*** Opening Study material ***

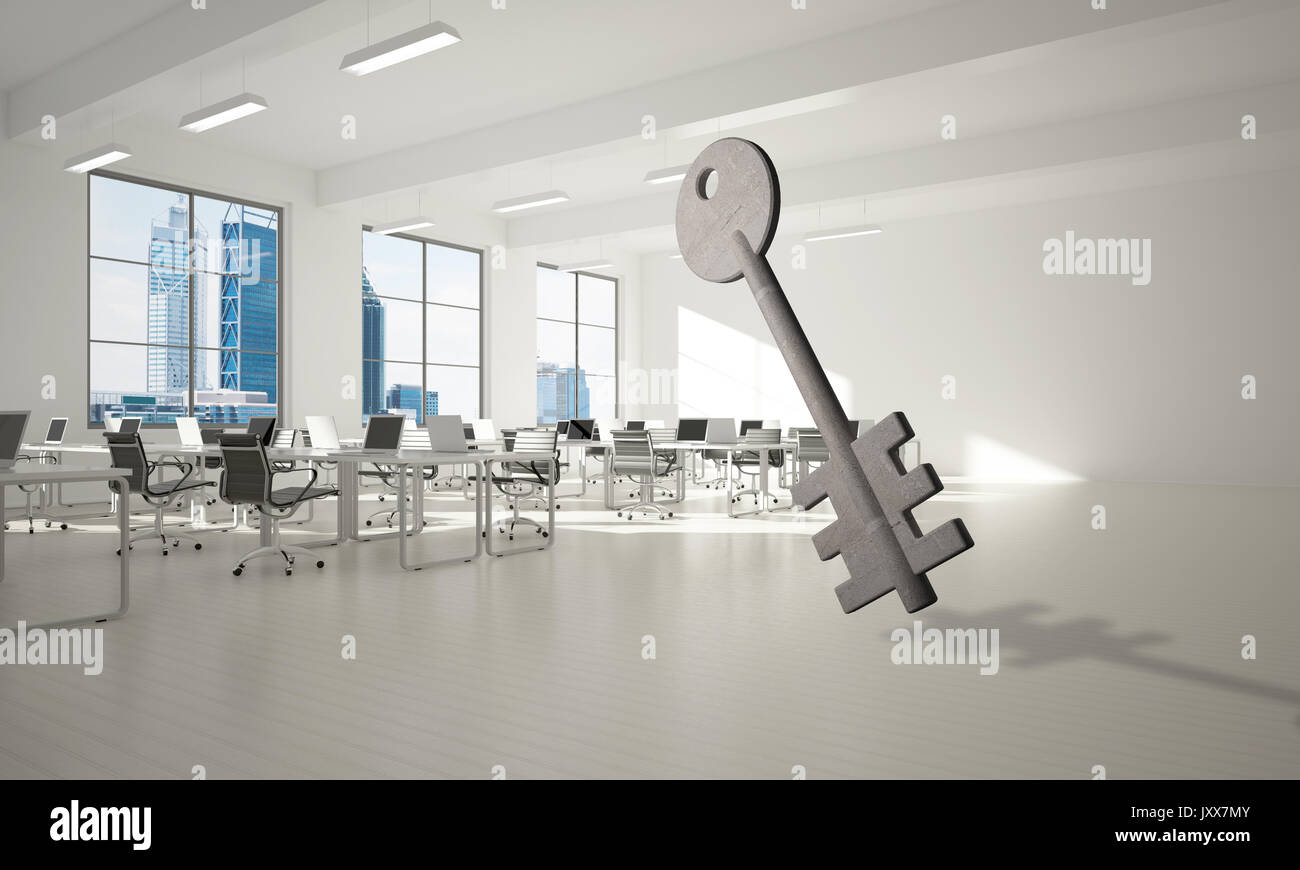 Conceptual background image of concrete key sign in modern office ...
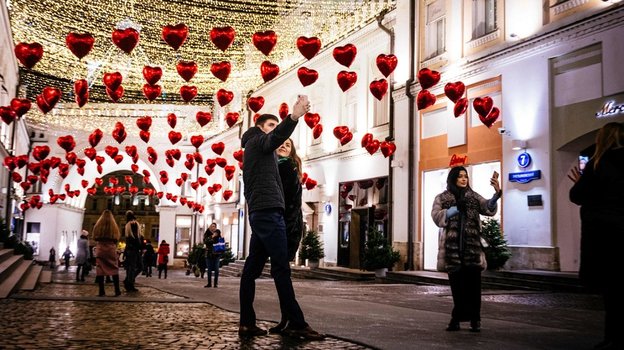 Москва в День святого Валентина. Фото AFP Москва в День святого Валентина. Фото AFP
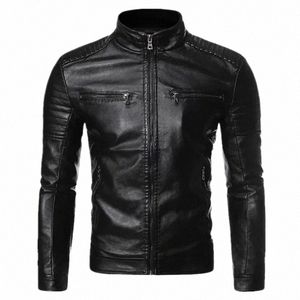 2024 Frühling Männer Ledermantel Reißverschluss Koreanische Fi Leder Schaffell Männer Lederjacke Trend Casual Fit Slim Baseball Kleidung L8eI #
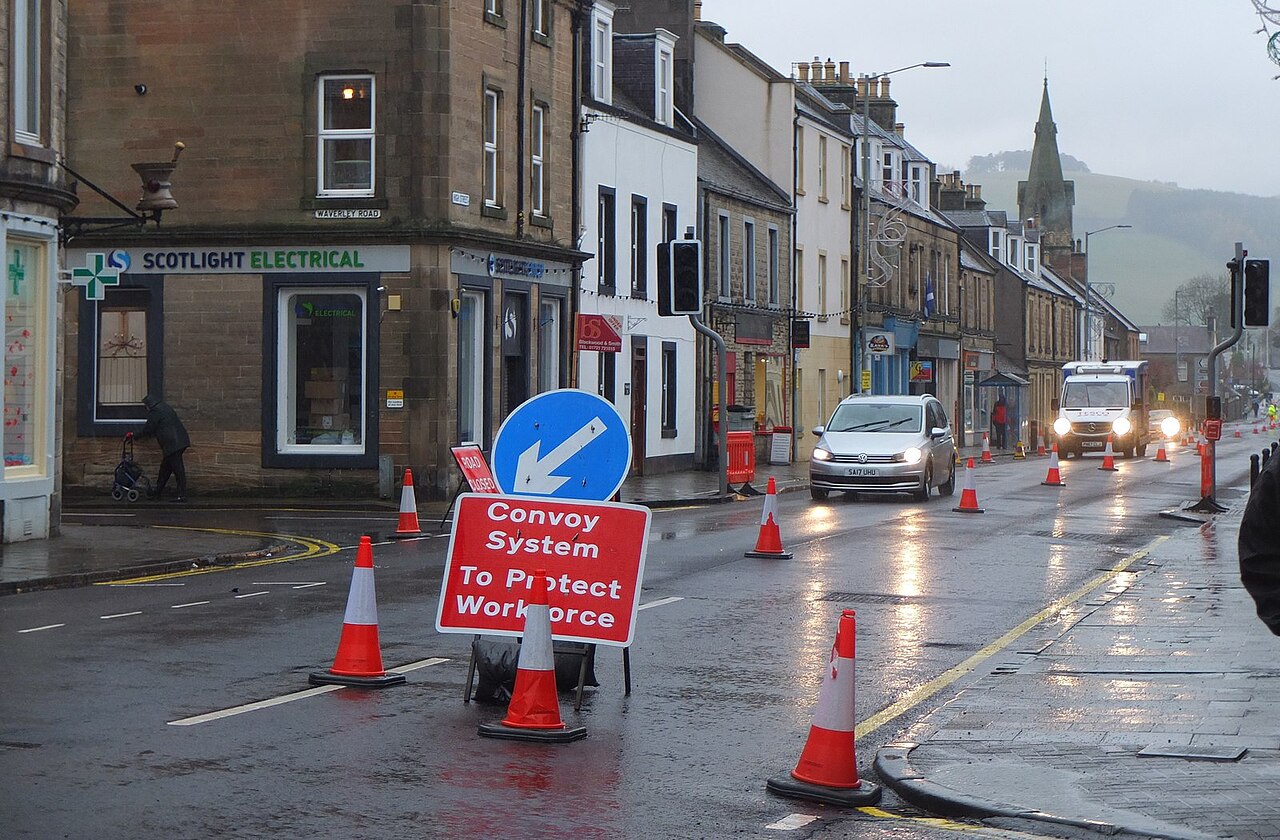 Road resurfacing works in progress — the kind of change a repeat drive detects automatically.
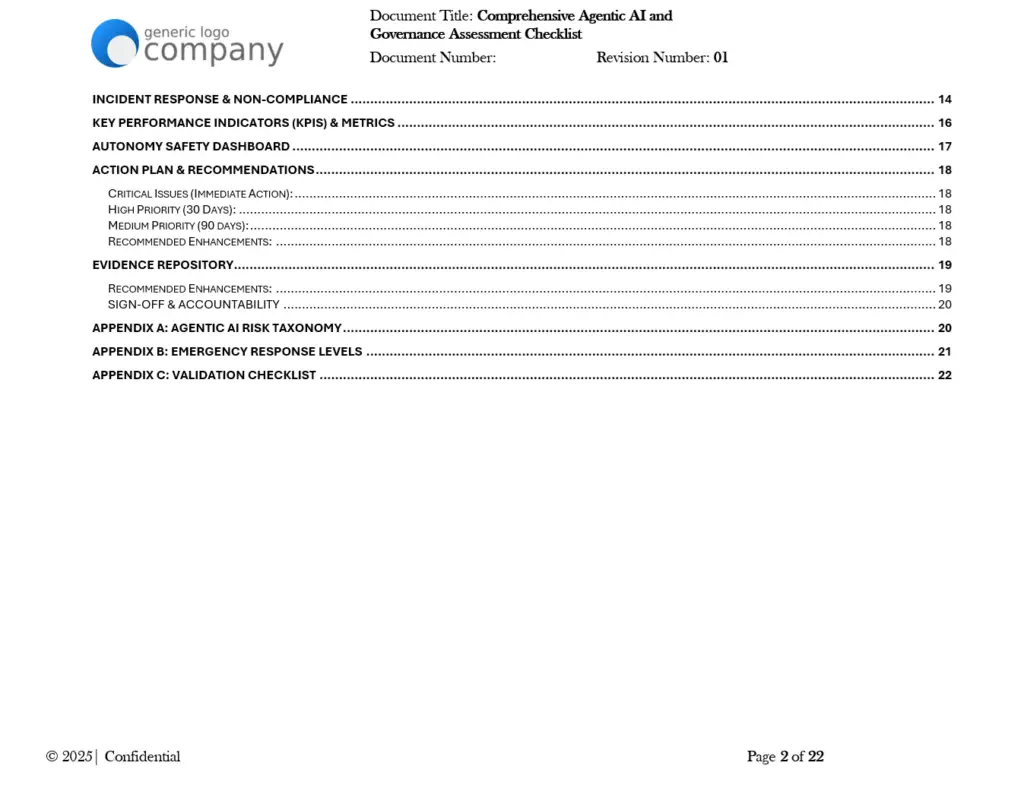 AI Comprehensive Agentic AI Compliance and Governance Checklist pg2
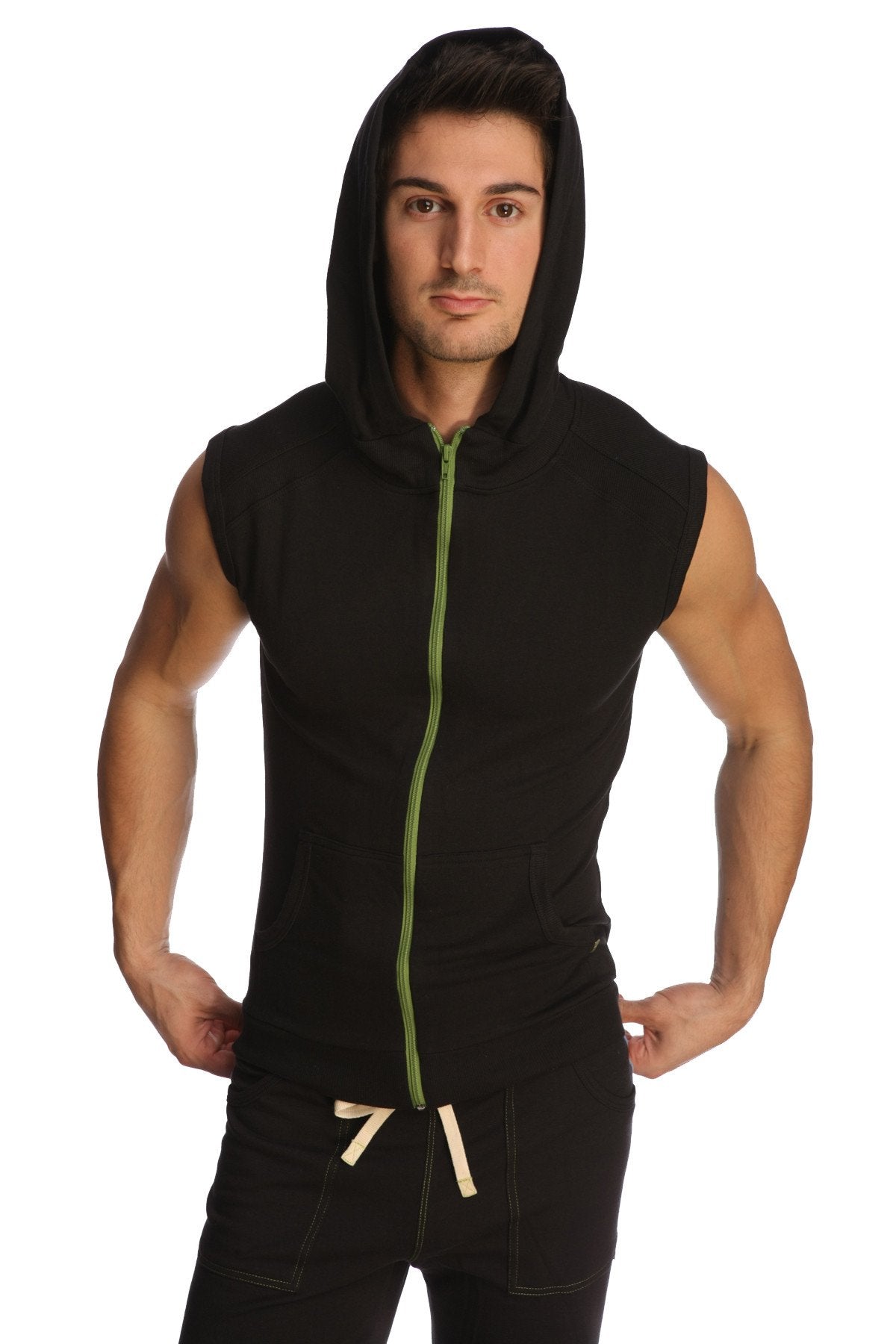 Sleeveless Zip Yoga Hoodie – Black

*** Closing Study material ***

Problem description =
Please output the lines above beginning at the line with "Москва в День святого Валентина. Фото AFP Москва" and ending after the line with "Road resurfacing works", precisely as written and with no pictures.

Solution to this task =
 Москва в День святого Валентина. Фото AFP Москва в День святого Валентина. Фото AFP
 2024 Frühling Männer Ledermantel Reißverschluss Koreanische Fi Leder Schaffell Männer Lederjacke Trend Casual Fit Slim Baseball Kleidung L8eI #
 Road resurfacing works in progress — the kind of change a repeat drive detects automatically.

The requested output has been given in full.